* Your goal: Go to the line with "LANVIN Красное вискозное" in the records below, then output it and each following line exactly, up to and including the line with "Dildos Realrock Non". Skip pictures and add nothing.

* Supplied material:
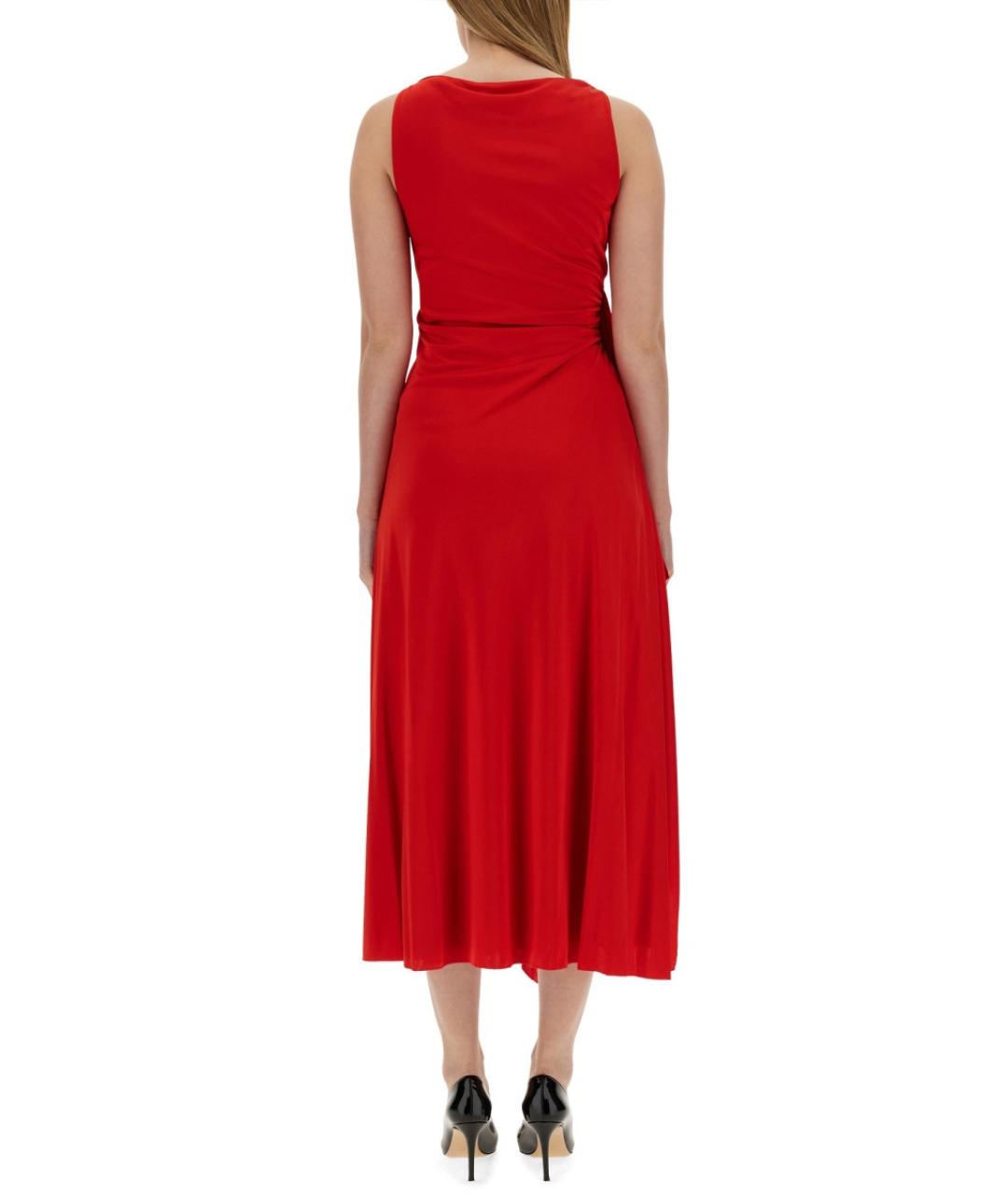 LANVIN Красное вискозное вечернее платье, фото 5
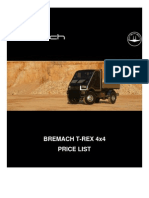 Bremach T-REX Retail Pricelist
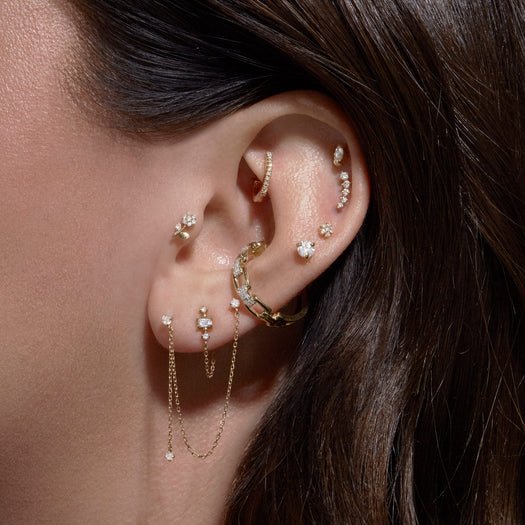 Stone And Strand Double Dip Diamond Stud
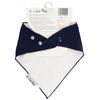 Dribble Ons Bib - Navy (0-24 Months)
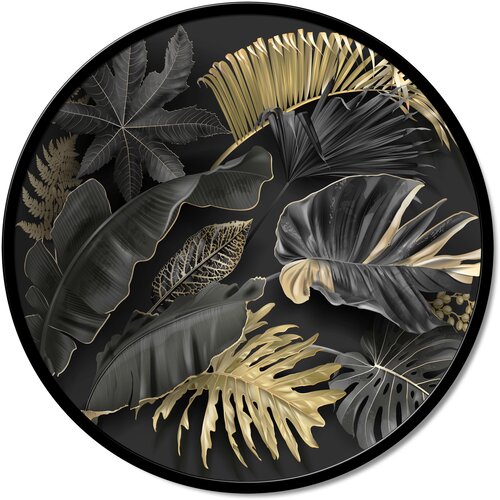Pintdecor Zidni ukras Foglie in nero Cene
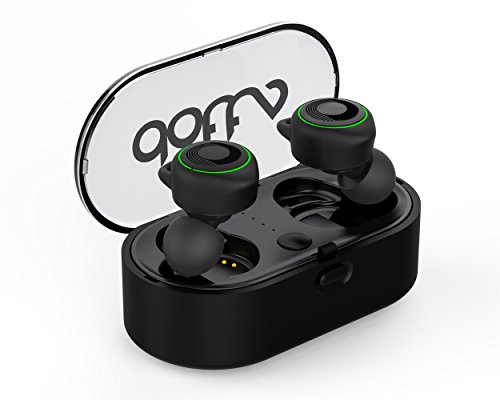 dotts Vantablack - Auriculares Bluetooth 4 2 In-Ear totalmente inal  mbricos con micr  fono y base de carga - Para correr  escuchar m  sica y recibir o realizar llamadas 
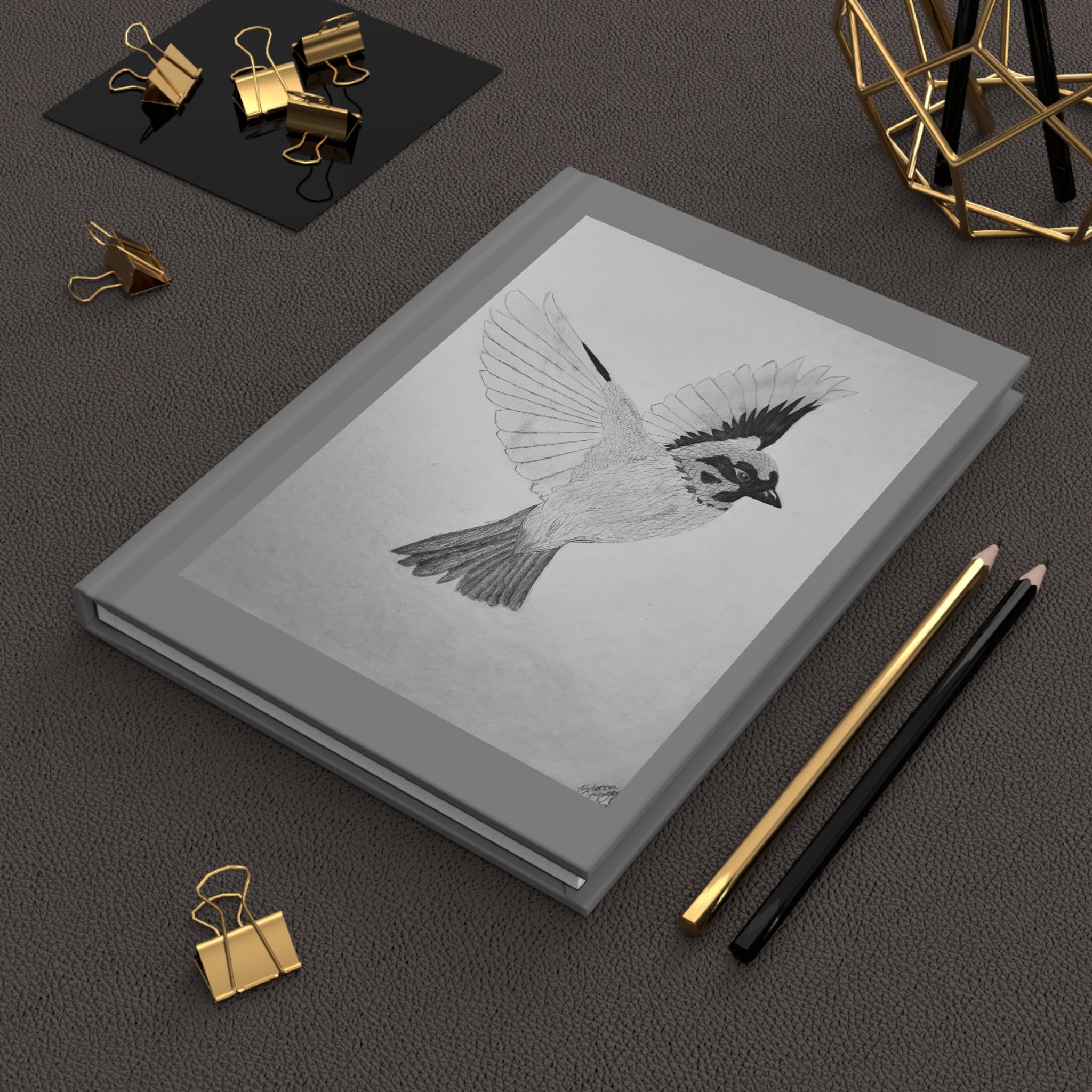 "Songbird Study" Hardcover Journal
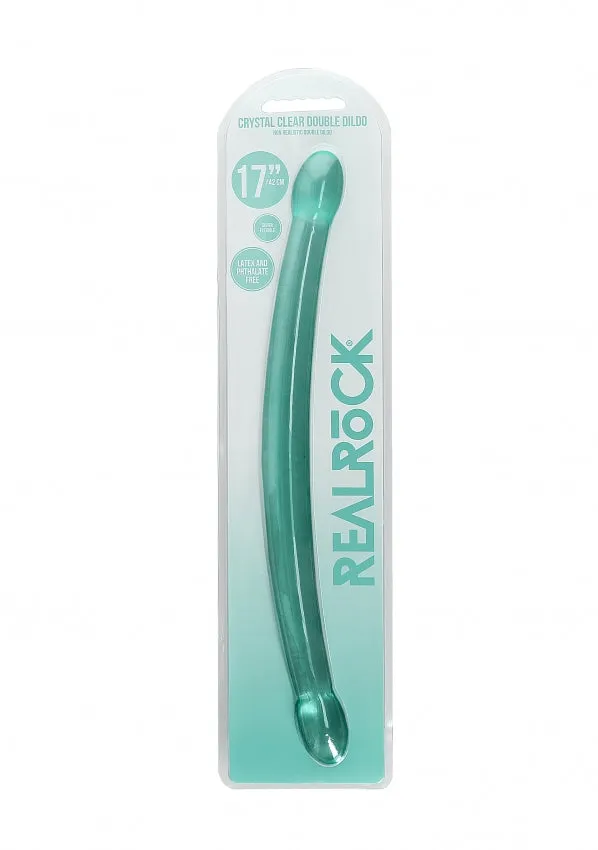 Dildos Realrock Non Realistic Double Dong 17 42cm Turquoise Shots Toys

--

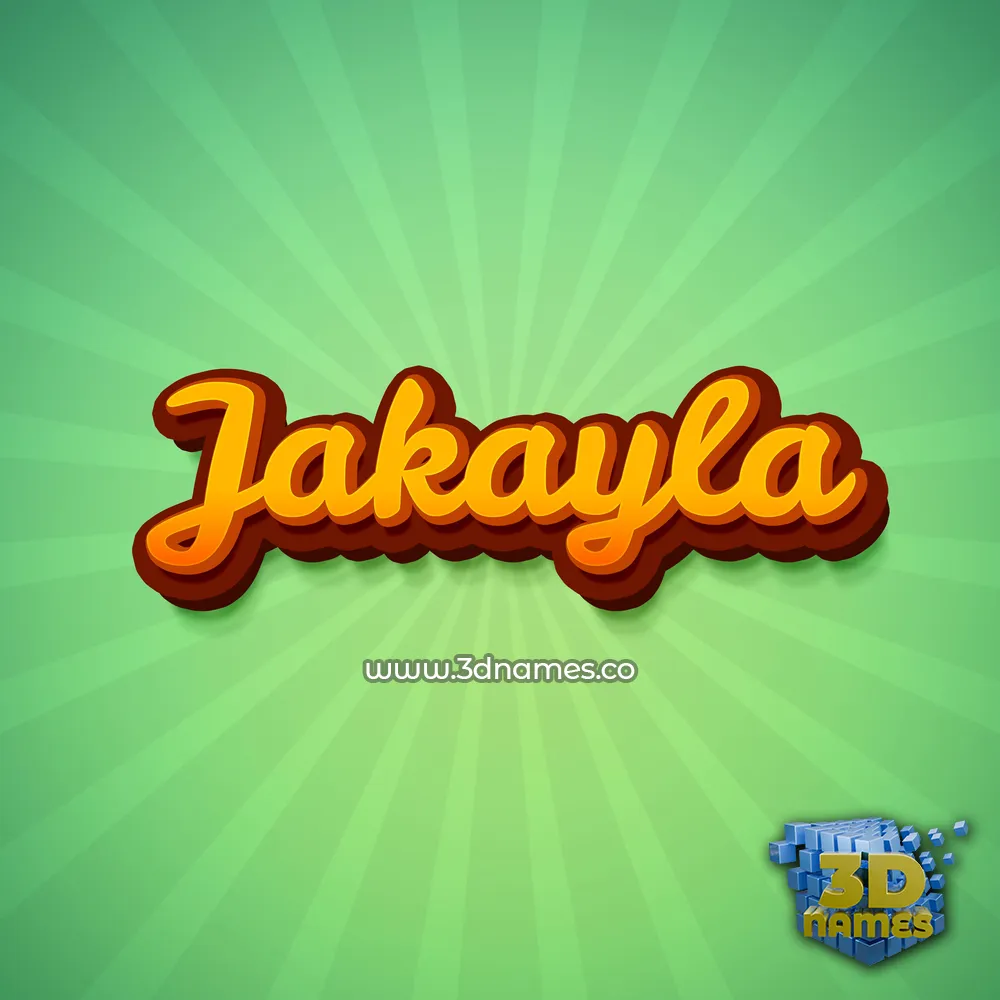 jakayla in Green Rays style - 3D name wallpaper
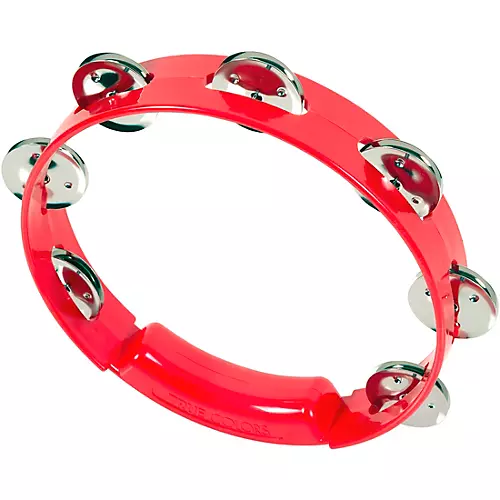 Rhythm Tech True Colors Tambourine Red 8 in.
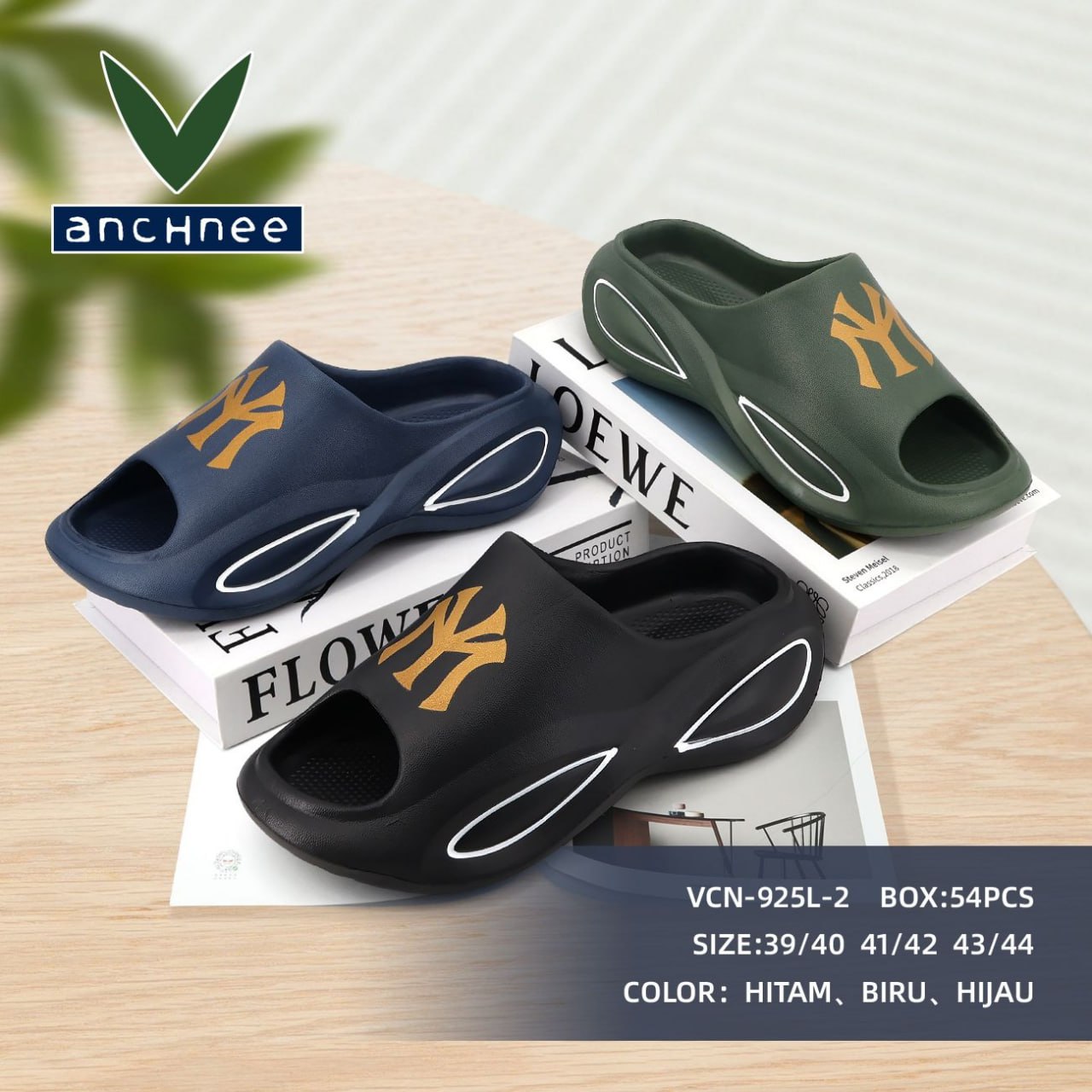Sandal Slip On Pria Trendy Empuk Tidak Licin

==

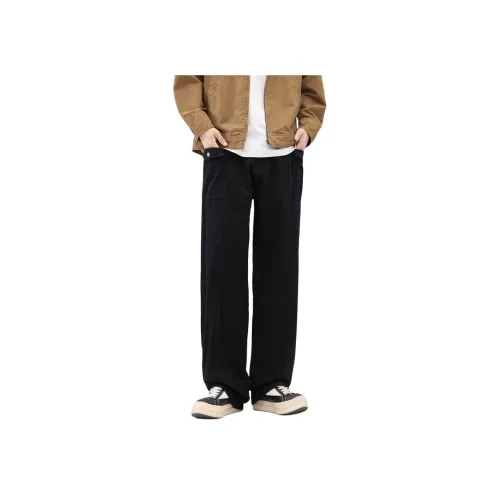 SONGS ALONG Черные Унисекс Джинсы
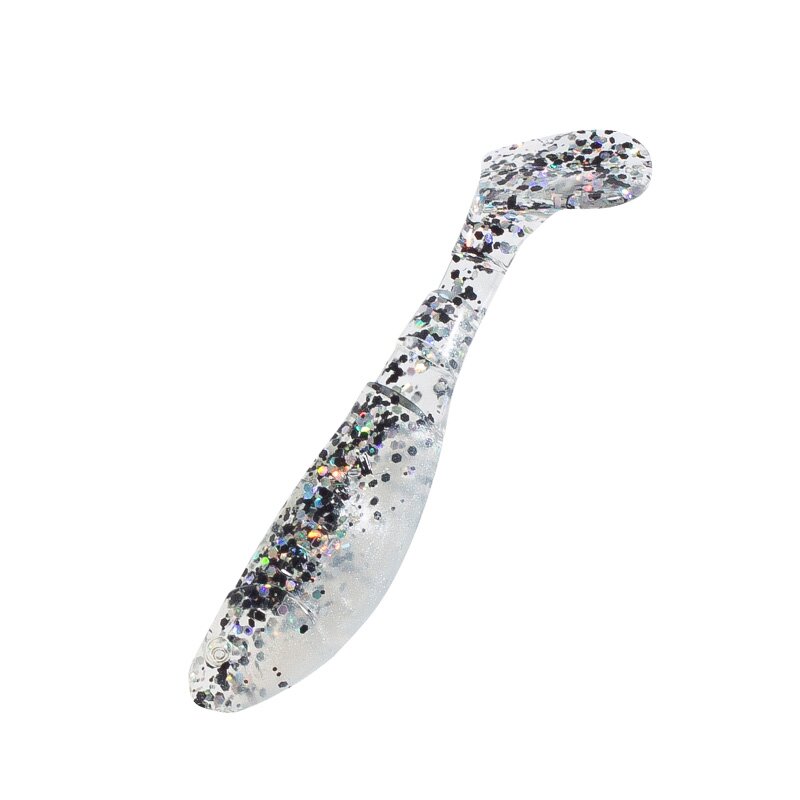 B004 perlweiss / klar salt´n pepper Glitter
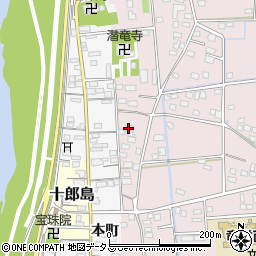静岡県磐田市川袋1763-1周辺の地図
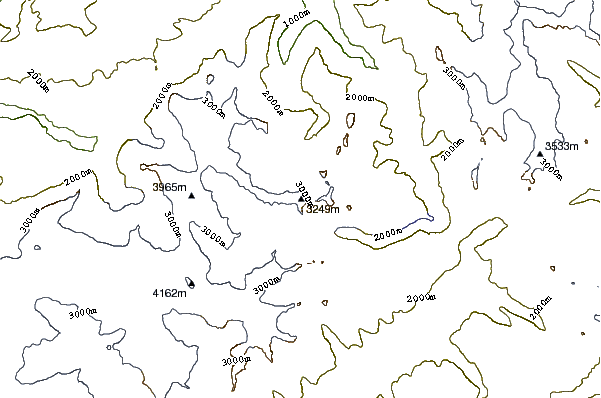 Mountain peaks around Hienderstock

* Response area:
 LANVIN Красное вискозное вечернее платье, фото 5
 Bremach T-REX Retail Pricelist
 Stone And Strand Double Dip Diamond Stud
 Dribble Ons Bib - Navy (0-24 Months)
Pintdecor Zidni ukras Foglie in nero Cene
 dotts Vantablack - Auriculares Bluetooth 4 2 In-Ear totalmente inal  mbricos con micr  fono y base de carga - Para correr  escuchar m  sica y recibir o realizar llamadas 
 "Songbird Study" Hardcover Journal
 Dildos Realrock Non Realistic Double Dong 17 42cm Turquoise Shots Toys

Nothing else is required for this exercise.